Provided material section start
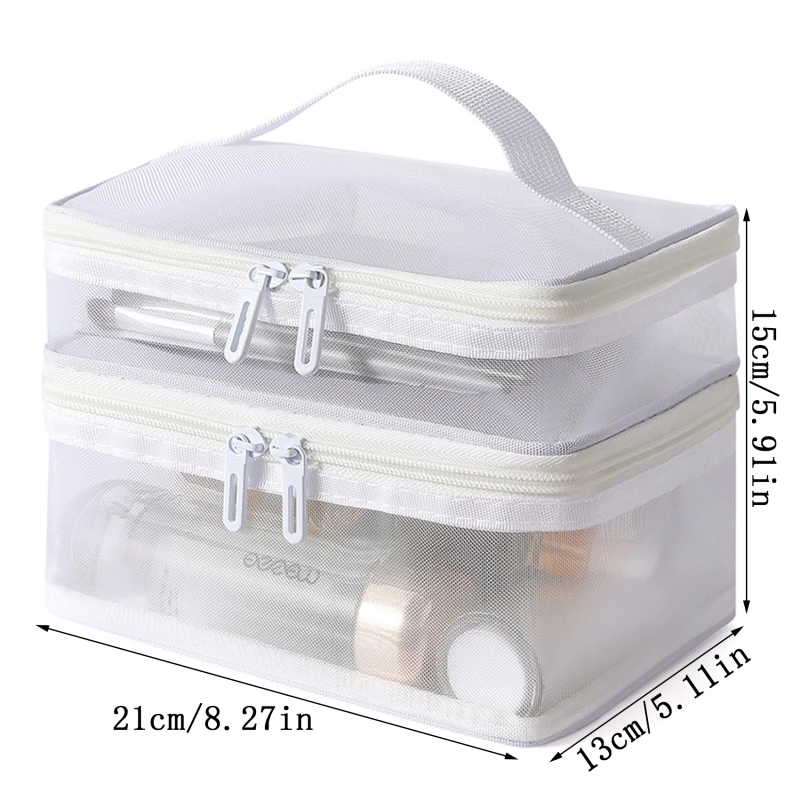 Bolsa de aseo transparente plegable para viaje con cierre tipo malla - imagen 2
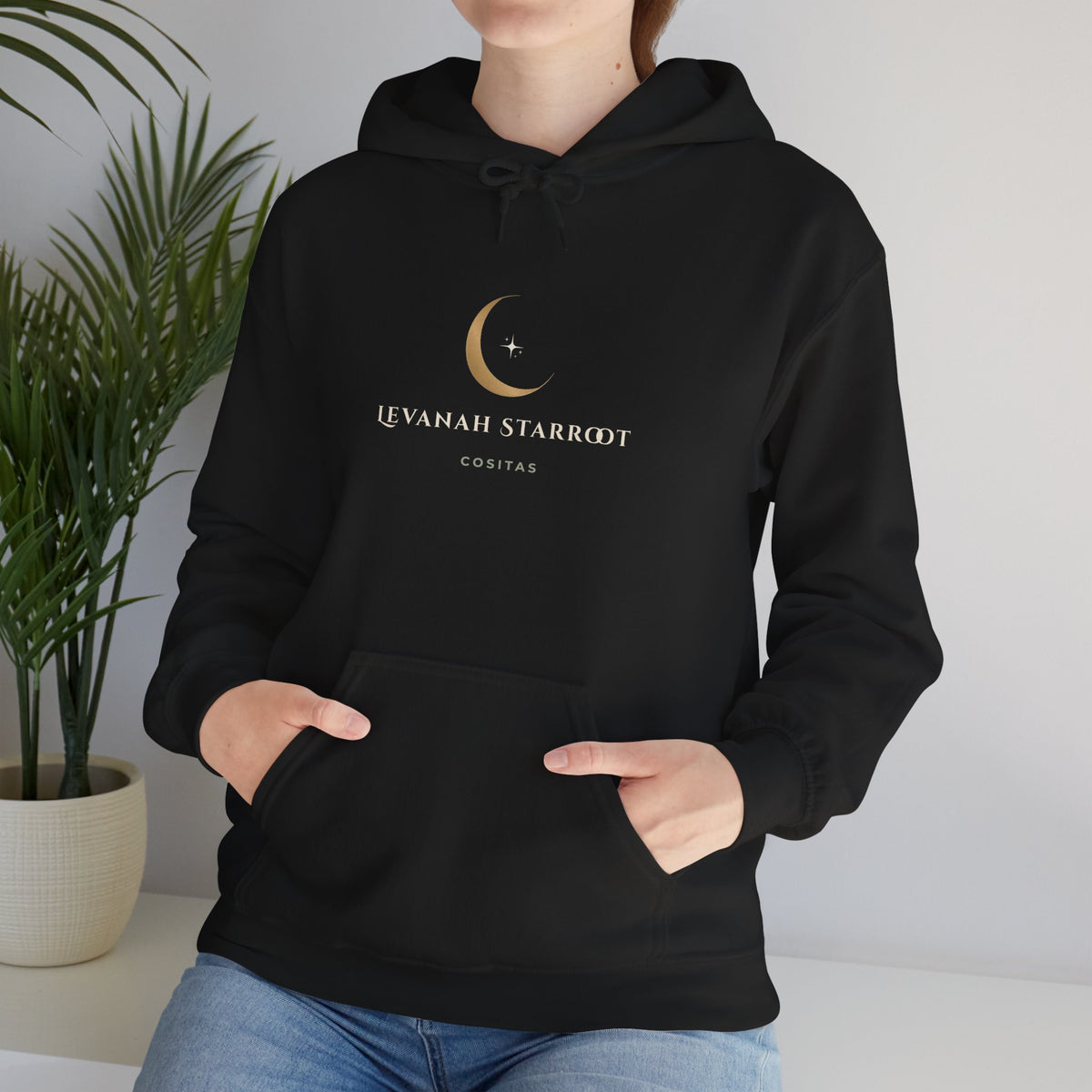 Celestial Moon Hoodie — 'Levanah Starrot' Crescent Moon Graphic Hoodie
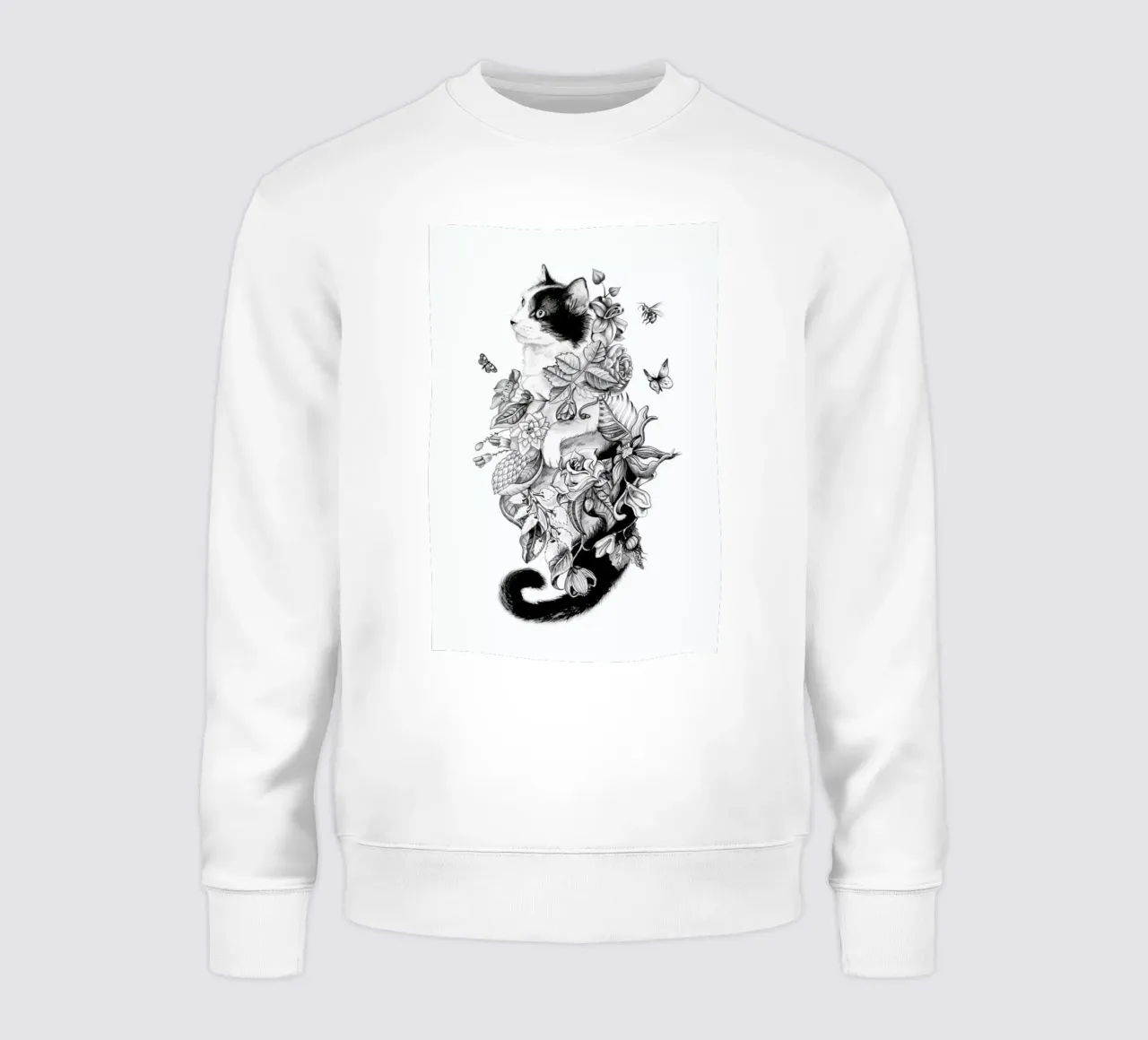 Botanical Cat sweatshirt by Alejandra Sáenz
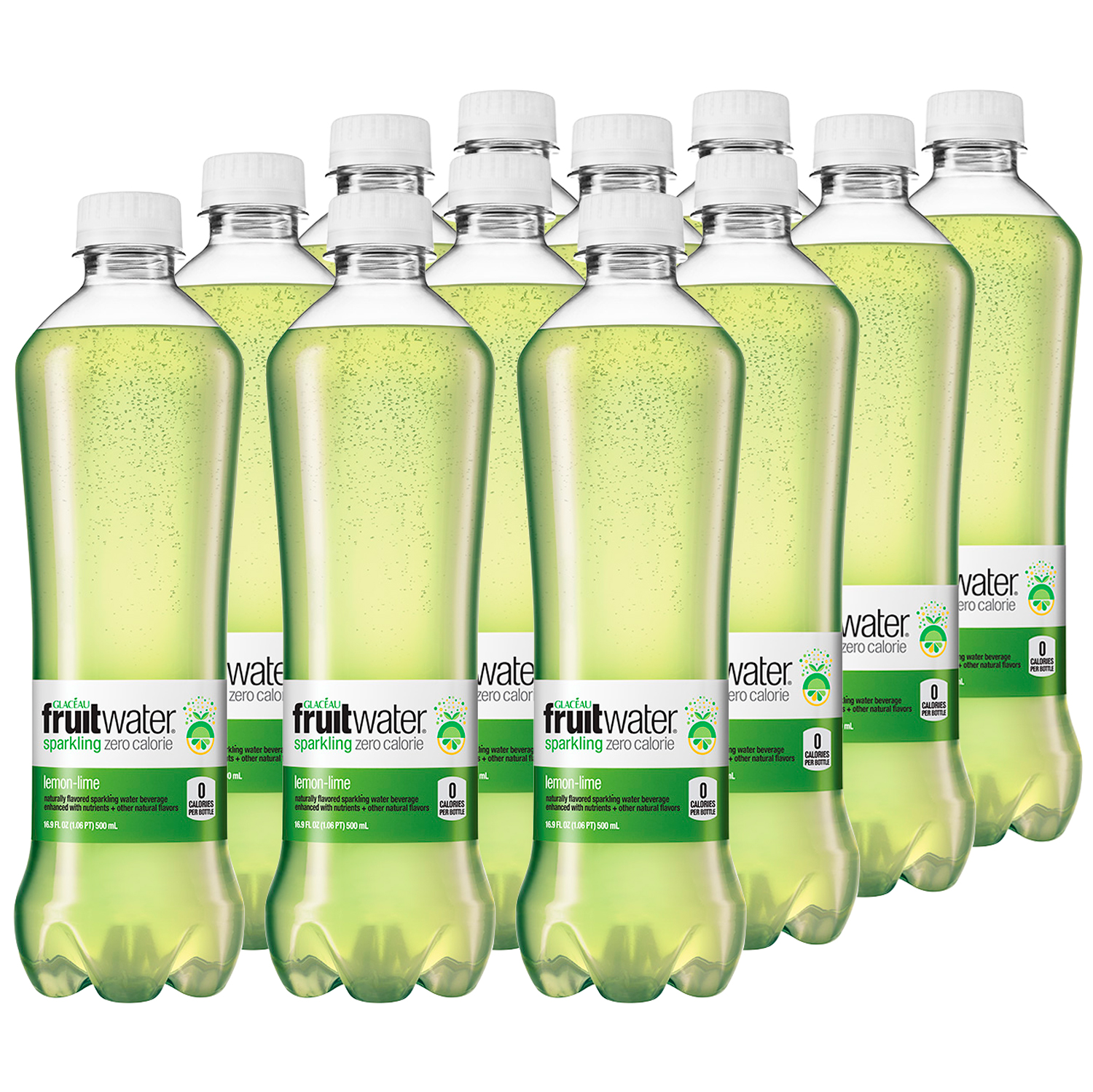 Glacéau Fruitwater Sparkling Zero Calorie, Lemon-Lime, Plastic Bottles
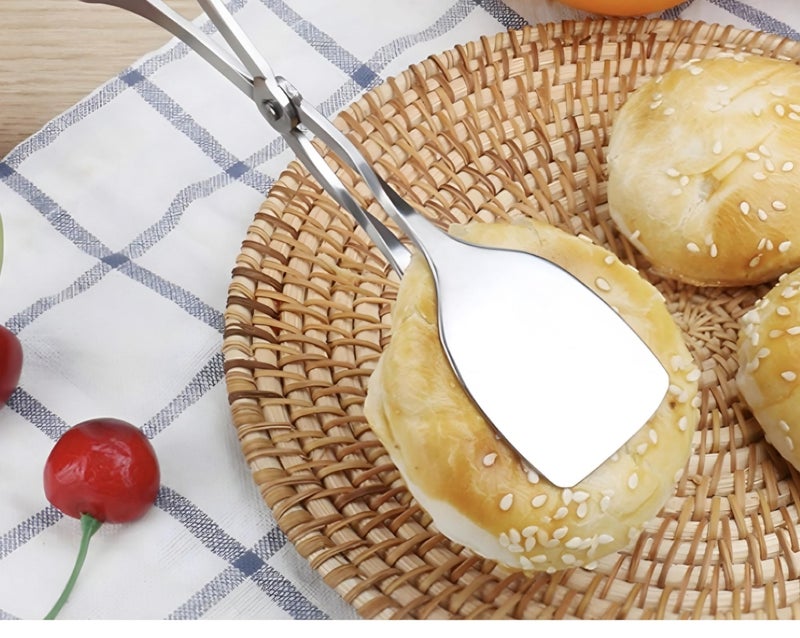 Stainless Steel Pastry Tongs For Serving Desserts And Bakery Scissors Shape Set Of 2 Pieces - Silver - Image 5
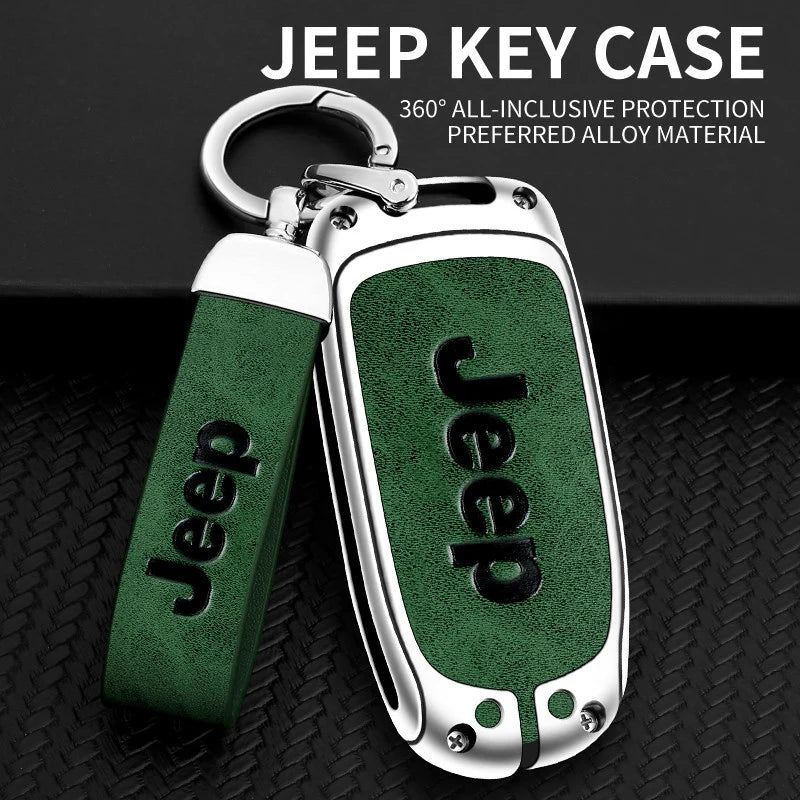 Coque de clé en alliage de zinc et cuir pour Jeep et Chrysler – Protection élégante et résistante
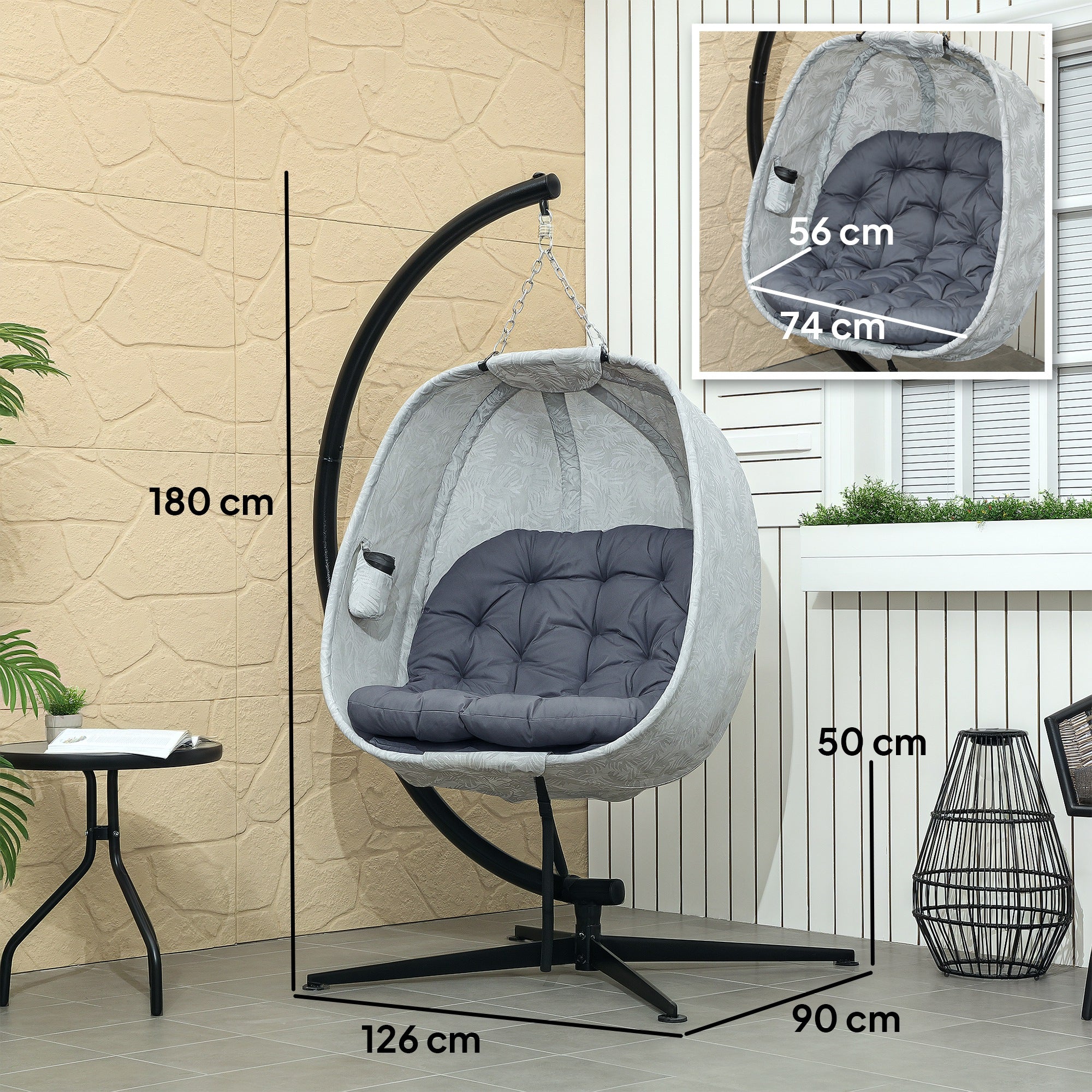Egg-Shaped Outdoor Hanging Chair, Foldable Swing Hammock with Stand, Gray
Provided material section end
• **Task directions**:
Please repeat the entries above exactly, leaving out any pictures.

• **Answer to the problem**:
 Bolsa de aseo transparente plegable para viaje con cierre tipo malla - imagen 2
 Celestial Moon Hoodie — 'Levanah Starrot' Crescent Moon Graphic Hoodie
 Botanical Cat sweatshirt by Alejandra Sáenz
 Glacéau Fruitwater Sparkling Zero Calorie, Lemon-Lime, Plastic Bottles
 Stainless Steel Pastry Tongs For Serving Desserts And Bakery Scissors Shape Set Of 2 Pieces - Silver - Image 5
 Coque de clé en alliage de zinc et cuir pour Jeep et Chrysler – Protection élégante et résistante
Egg-Shaped Outdoor Hanging Chair, Foldable Swing Hammock with Stand, Gray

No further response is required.